### Your goal:
Retype all the records below exactly as they are, with no image carried over.

### Information supplied:

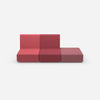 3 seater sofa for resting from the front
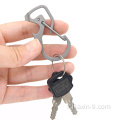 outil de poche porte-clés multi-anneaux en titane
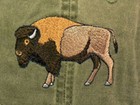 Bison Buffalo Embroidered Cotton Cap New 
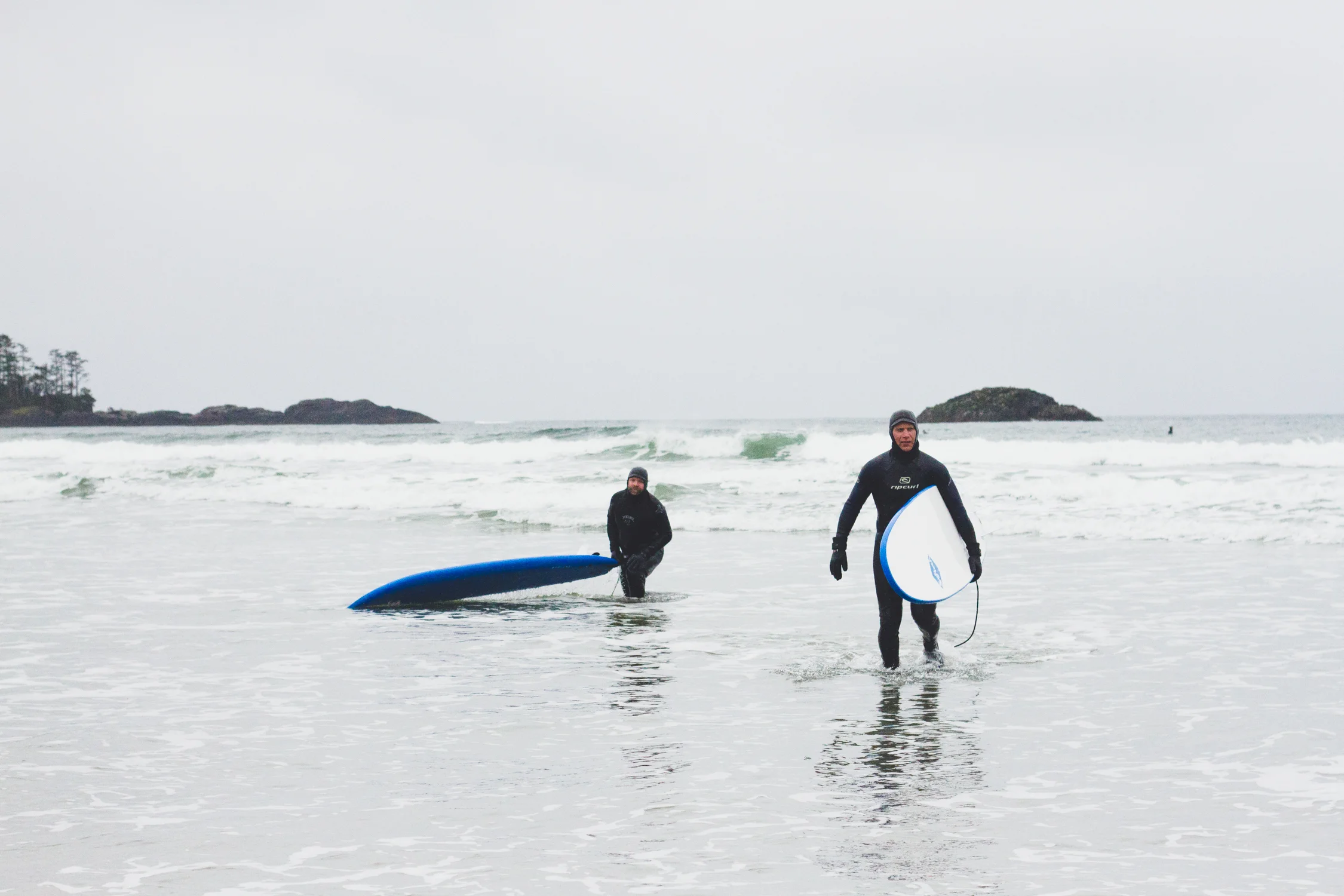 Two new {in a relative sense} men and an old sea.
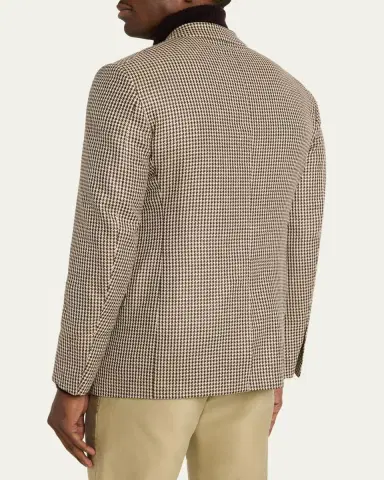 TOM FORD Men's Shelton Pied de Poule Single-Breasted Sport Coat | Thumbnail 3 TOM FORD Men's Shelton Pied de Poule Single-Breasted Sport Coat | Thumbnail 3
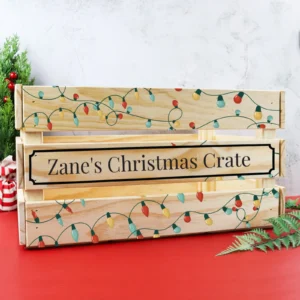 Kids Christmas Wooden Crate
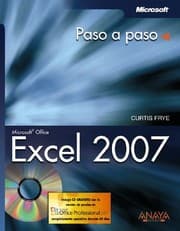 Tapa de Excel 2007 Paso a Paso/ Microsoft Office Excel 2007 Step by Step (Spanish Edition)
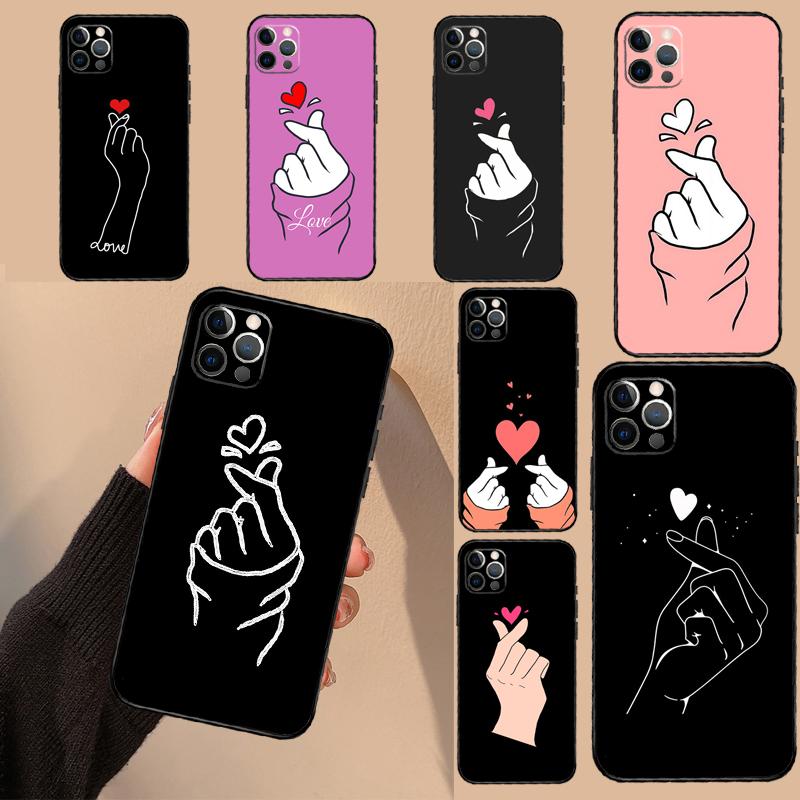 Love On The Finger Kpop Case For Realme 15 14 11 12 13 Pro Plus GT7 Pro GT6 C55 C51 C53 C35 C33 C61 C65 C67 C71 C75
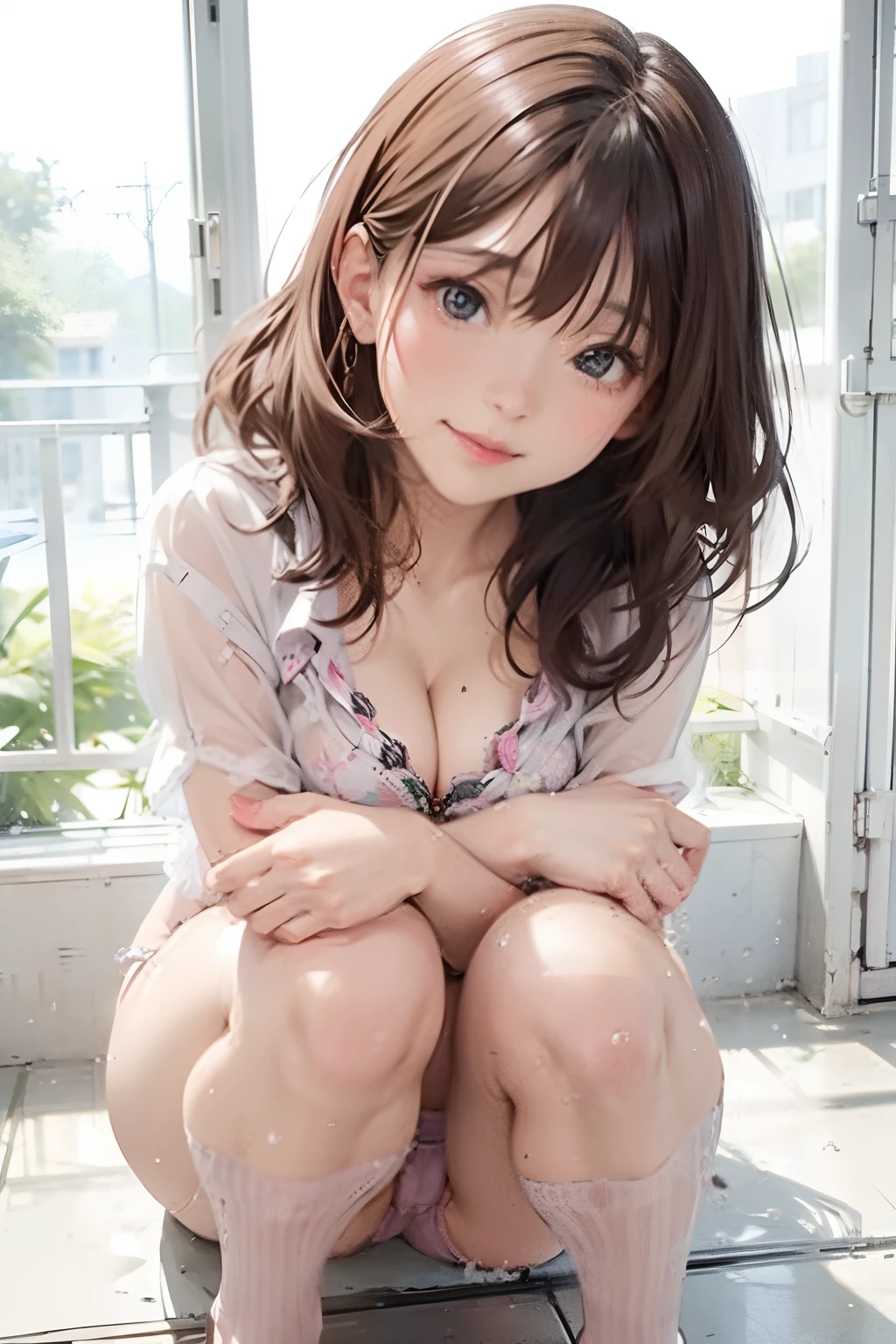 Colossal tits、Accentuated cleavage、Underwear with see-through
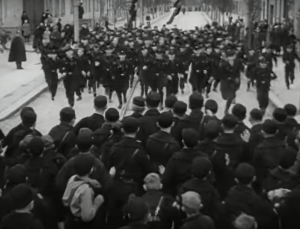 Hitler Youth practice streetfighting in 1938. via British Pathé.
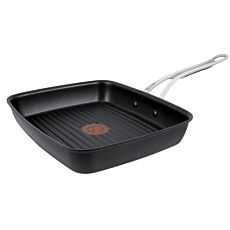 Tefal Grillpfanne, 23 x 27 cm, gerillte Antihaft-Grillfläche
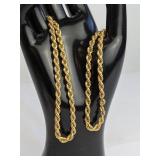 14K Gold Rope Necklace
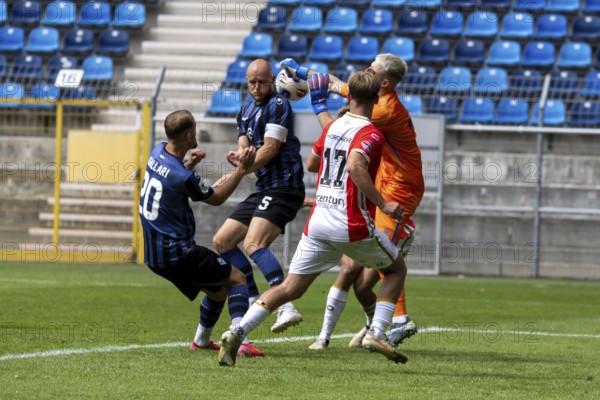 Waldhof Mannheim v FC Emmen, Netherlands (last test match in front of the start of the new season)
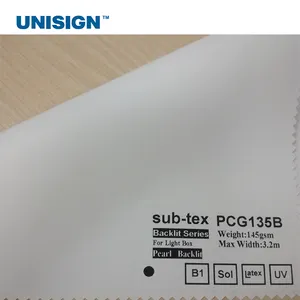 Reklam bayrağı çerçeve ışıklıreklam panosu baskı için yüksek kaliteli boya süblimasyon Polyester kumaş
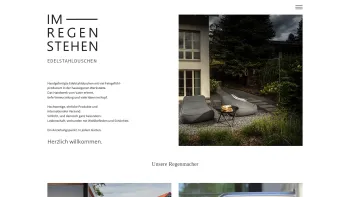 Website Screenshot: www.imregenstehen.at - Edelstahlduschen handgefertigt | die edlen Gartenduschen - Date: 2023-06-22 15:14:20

### Written reply:
 3 seater sofa for resting from the front
 outil de poche porte-clés multi-anneaux en titane
 Bison Buffalo Embroidered Cotton Cap New 
 Two new {in a relative sense} men and an old sea.
 TOM FORD Men's Shelton Pied de Poule Single-Breasted Sport Coat | Thumbnail 3 TOM FORD Men's Shelton Pied de Poule Single-Breasted Sport Coat | Thumbnail 3
 Kids Christmas Wooden Crate
 Tapa de Excel 2007 Paso a Paso/ Microsoft Office Excel 2007 Step by Step (Spanish Edition)
 Love On The Finger Kpop Case For Realme 15 14 11 12 13 Pro Plus GT7 Pro GT6 C55 C51 C53 C35 C33 C61 C65 C67 C71 C75
 Colossal tits、Accentuated cleavage、Underwear with see-through
 Hitler Youth practice streetfighting in 1938. via British Pathé.
 Tefal Grillpfanne, 23 x 27 cm, gerillte Antihaft-Grillfläche
 14K Gold Rope Necklace
 Waldhof Mannheim v FC Emmen, Netherlands (last test match in front of the start of the new season)
 Reklam bayrağı çerçeve ışıklıreklam panosu baskı için yüksek kaliteli boya süblimasyon Polyester kumaş
 Website Screenshot: www.imregenstehen.at - Edelstahlduschen handgefertigt | die edlen Gartenduschen - Date: 2023-06-22 15:14:20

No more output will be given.